Adriana, reúne muitos talentos. É uma autodidacta, curiosa, conhecedora, intelectual, moderna e sofisticada. É uma artista multifacetada que desenha e pinta bem, escreve, fala e canta melhor, e dizem que toca bem mais do que melhor. Depois, partilha o mesmo interesse que eu por livros e livrarias.Tal como outros antes, incluíndo Amália, pegou em grandes nomes da poesia brasileira e portuguesa, musicou os seus poemas e deu-os a conhecer através da música (Drummond de Andrade, Ferreira Gullar, Bandeira, António Cicero, Mário de Sá-Carneiro, entre outros). Musicou até uma resposta de Joaquim Pedro de Andrade ao Liberation à pergunta Pourquoi filmez-vous? Há uns anos fiz-lhe a seguinte pergunta: “Apesar das sucessivas comparações a que tem sido sujeita, principalmente com Elis Regina, eu diria que a sua trajectória como excelente compositora assemelha-se muito mais a Vinícius de Moraes pela erudição do vocabulário, pela forma extraordinária como escreve poesia em língua portuguesa e pelo veículo das palavras ser a música. Será que daqui a alguns anos a Adriana será definida como uma grande poeta que fez canções maravilhosas? Era assim que gostaria de ser definida?” Ao que ela respondeu: “Ana, eu detesto comparações (como qualquer artista).  Mas considero um grande elogio a analogia que você faz com Vinícius, a quem amo muito. Na verdade, eu gostaria de ser indefinível, inclassificável, hoje ou daqui a alguns anos”. Interessa-me muito mais o que ela tem a dizer e o que o que escreve do que a melodia das canções, que quase nada entendo. Talvez por achar que a música seja o tipo de arte que menos me interessa.

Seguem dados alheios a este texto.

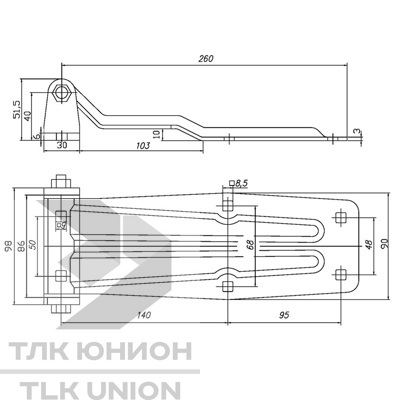 Петля ворот большая, 260х90 мм, оцинкованная сталь, 6306050 вид 3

7 - Houston, a cidade onde fiz quase toda a minha investigação de doutoramento. A cidade improvável. No sul dos Estados Unidos. Perto do México, recheada de mexicanos ilegais, republicana convicta, conservadora, perto da praia mais feia do mundo (Galveston), do centro espacial da NASA onde nasceu a frase "Houston, we have a problem", do maior centro médico do mundo, do mais importante hospital para o tratamento de cancro do mundo (MD Anderson Cancer Center), onde tudo é gigante (principalmente as distâncias e as doses de comida) e onde é impossível andar a pé. No entanto, foi a maior e mais feliz surpresa da minha vida. Andei kms de bicicleta que era o meu meio de transporte, apesar de ter arriscado a vida muitas vezes. E foi lá pela primeira vez que descobri o verdadeiro significado de saudade. Percebi e dei valor a coisas que até aí relativizava: que gostar de flores e apreciar comida bem feita são também formas de arte. Estas duas aprendi com a minha mãe e só à distância é que as compreendi. Descobri a Rothko Chapel e o The crab do Calder. Para atirar mais lenha para a fogueira, descobri o bairro de Montrose, o denominado bairro estranho, um verdadeiro oásis naquela cidade, onde tudo é possível e onde tudo pode acontecer. Durante quase estes 2 anos, a música do ipod e a bicicleta foram as minhas mais presentes companhias. O grande exemplo de como é possível ser-se muito feliz numa cidade feia e com um calor infernal.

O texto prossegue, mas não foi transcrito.